28. August 2011, Neue Zürcher Zeitung / NZZexecutive
Ferienbezug oder Stellensuche?
Aus dem Arbeitsrecht
Frank Emmel, Advokat
Werden Arbeitsverhältnisse gekündigt, stehen dem Arbeitnehmer oft noch Ferientage zu, die er nicht bezogen hat. Falls der Arbeitgeber auf die Arbeit des Angestellten verzichten kann, so ist er – nicht zuletzt, um Lohnkosten zu sparen – daran interessiert, dass Ferienguthaben bis zum Vertragsende möglichst abgebaut werden. Häufig stellt er den Arbeitnehmer daher von der weiteren Arbeit frei und teilt ihm mit, dass damit sämtliche Ferienansprüche abgegolten seien. Zahlreiche Angestellte wehren sich dagegen, weil sie befürchten, dass ihnen neben dem Ferienbezug nicht mehr genügend Zeit zur Stellensuche verbleibt.
Das Verbot der Geldzahlung
Ferien dienen der Erholung des Arbeitnehmers und sind daher während des Arbeitsverhältnisses als bezahlte Freizeit zu gewähren. Das Obligationenrecht verbietet, dass sie stattdessen einfach durch Geldzahlung abgegolten werden. Dieses Verbot gilt nicht, sofern und soweit die Ferien bis zum Vertragsende faktisch gar nicht mehr bezogen werden können. Aber auch wenn ein Ferienbezug rechnerisch noch möglich ist, kann dieser dem Arbeitnehmer nach erfolgter Kündigung nur bedingt zugemutet werden.
Einer Ferienanordnung steht der Zweck der Kündigungsfrist entgegen. Denn diese soll es dem Angestellten ermöglichen, in dieser Zeit eine neue Arbeitsstelle zu suchen. Die Stellensuche geht einem Ferienbezug vor. Zudem hat der Arbeitnehmer Anspruch darauf, seine Ferien angemessen vorzubereiten. Der Angestellte ist daher nur bei längeren Kündigungsfristen, die sein Ferienguthaben deutlich überschreiten, verpflichtet, seine restlichen Ferien einzuziehen. Massgebend sind dabei jeweils die konkreten Umstände des Einzelfalles. – Falls und sobald der Arbeitnehmer bereits eine neue Arbeitsstelle gefunden hat, ist er nicht mehr durch eine Stellensuche daran gehindert, seine Ferien während der restlichen Kündigungsfrist zu beziehen.

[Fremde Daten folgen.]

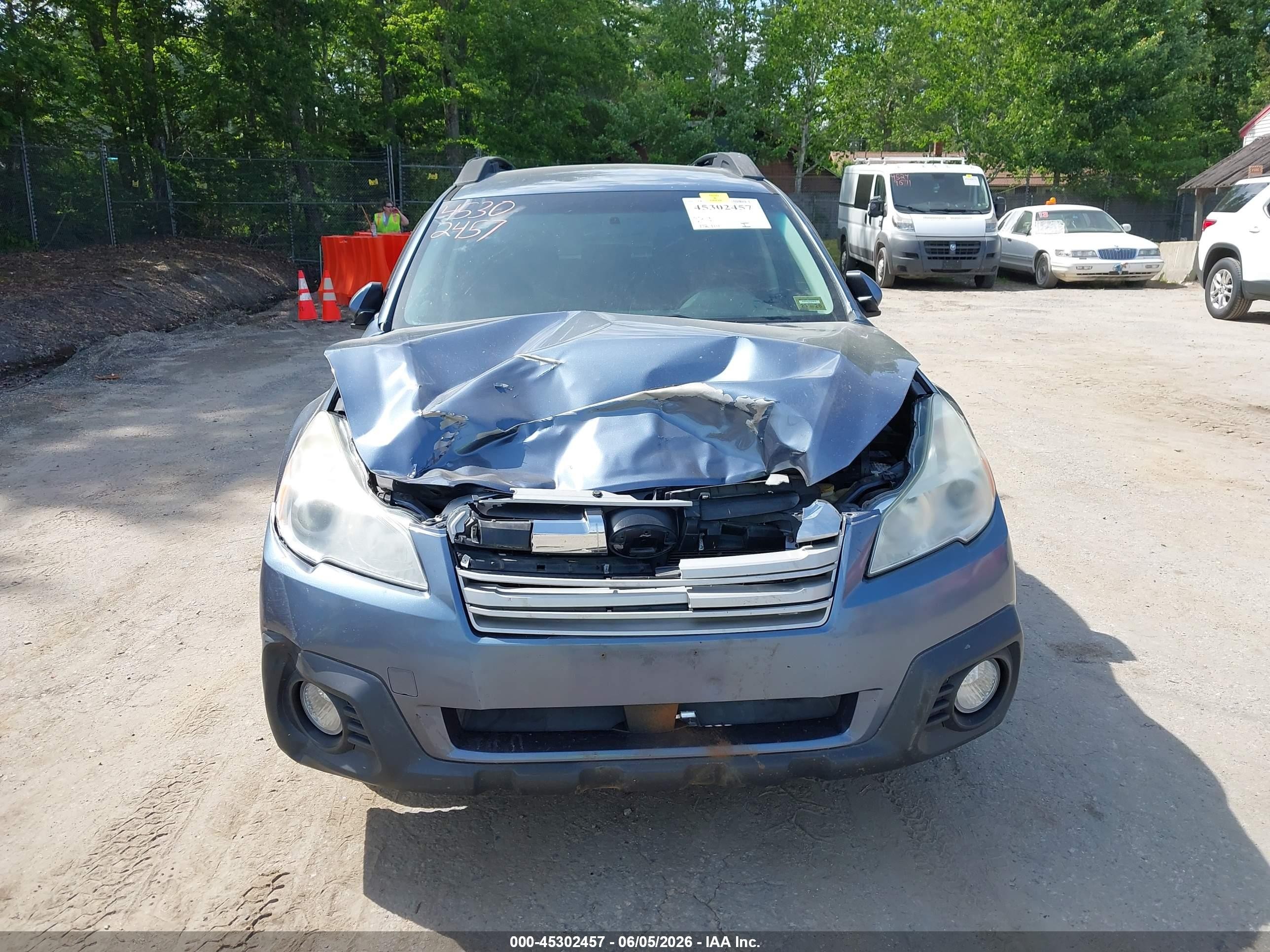 2014 Subaru Outback 2.5i Premium Blue vin: 4S4BRBCC3E3270681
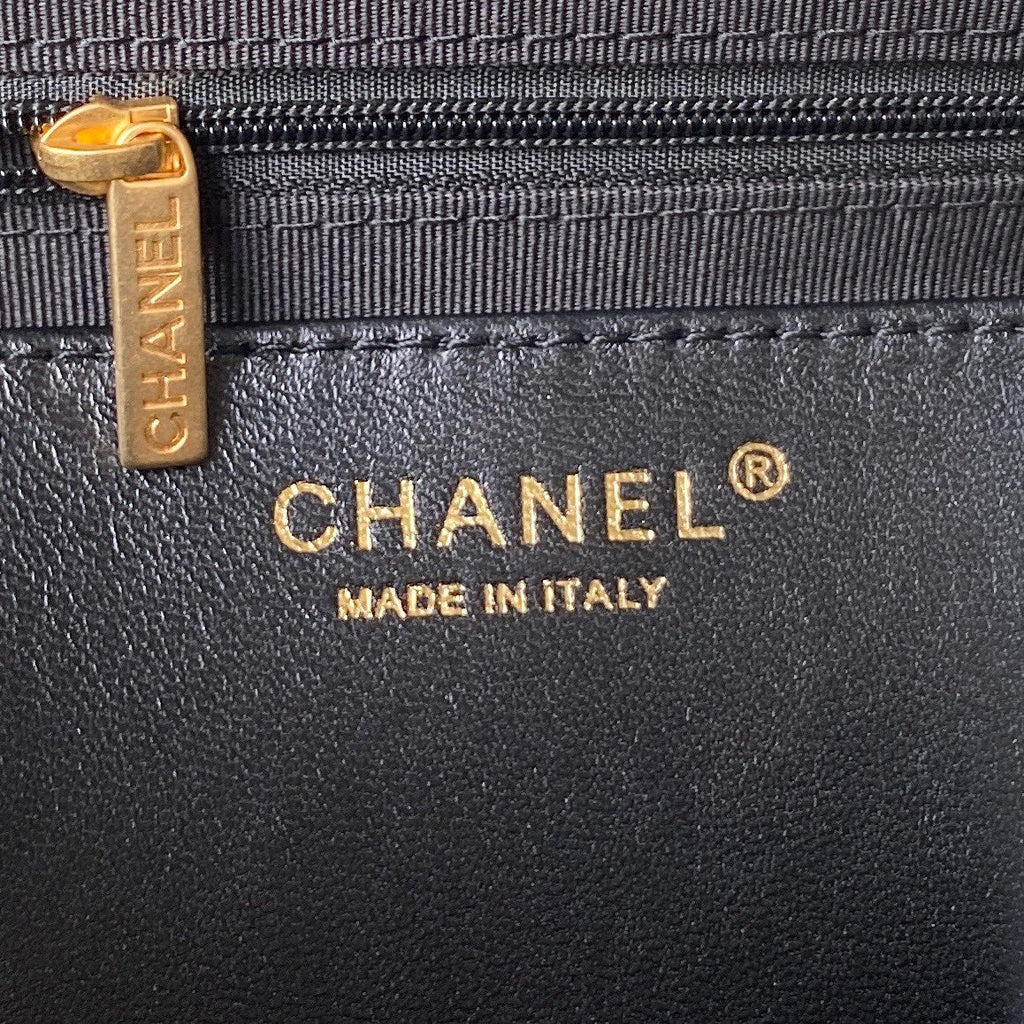 Quilted Lambskin Shoulder Bag with Gold Chain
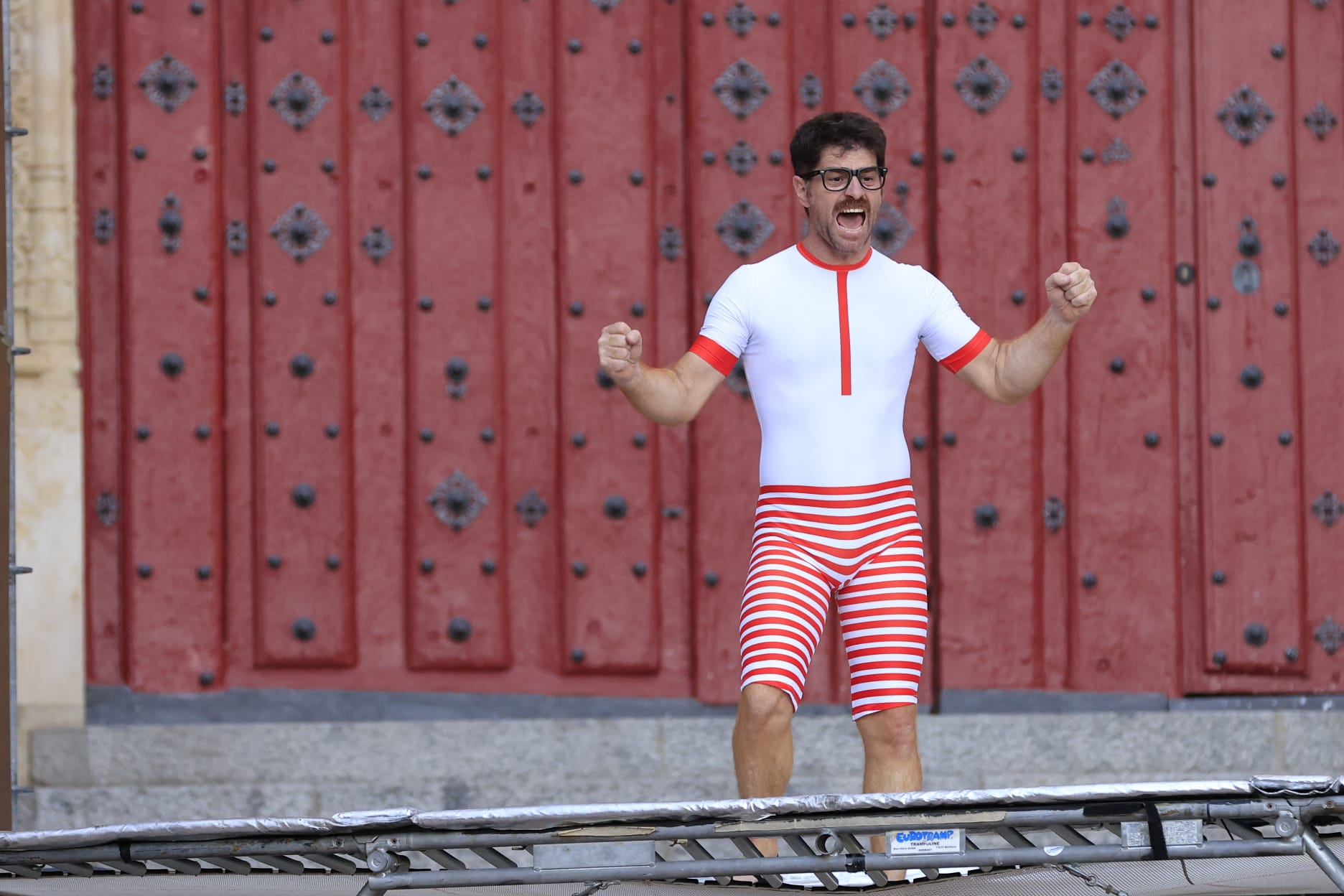 Acrobacias y saltos imposibles en un Patio Chico a reventar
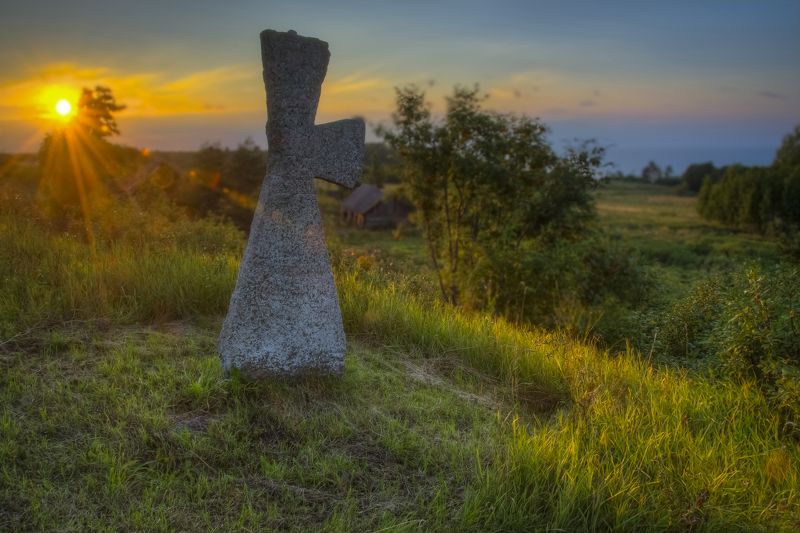 Старый крест. фото превью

Gerichtspraxis uneinheitlich
Ob dem Angestellten ein Ferienbezug zuzumuten ist, hängt zudem davon, ob der Arbeitgeber ihn von der weiteren Arbeit freistellt. Während einer unbedingten Freistellung ist ein Ferienbezug eher zumutbar. Massgebend ist dabei das im konkreten Fall bestehende Verhältnis zwischen Freistellungsdauer und Länge des Ferienguthabens. Die Gerichtspraxis dazu ist allerdings nicht einheitlich.
Damit eine Freistellung ein Ferienguthaben konsumieren kann, muss die Freistellungszeit mindestens das Doppelte der offenen Ferientage betragen. Je kürzer hingegen eine Kündigungsfrist ist, desto weniger kann eine Freistellung in dieser Zeit jene Wirkung entfalten. Zu berücksichtigen ist ferner, ob der Arbeitnehmer nur während der eigentlichen Kündigungsfrist, die nach Gesetz oder Vertrag einzuhalten ist, von der Arbeit befreit ist. Falls die Freistellungszeit jedoch bereits für eine freiwillig verlängerte Kündigungsfrist gilt, so steht dem Ferienbezug eine Stellensuche nicht entgegen, weil der Anspruch darauf erst während der eigentlichen Kündigungsfrist gegeben ist.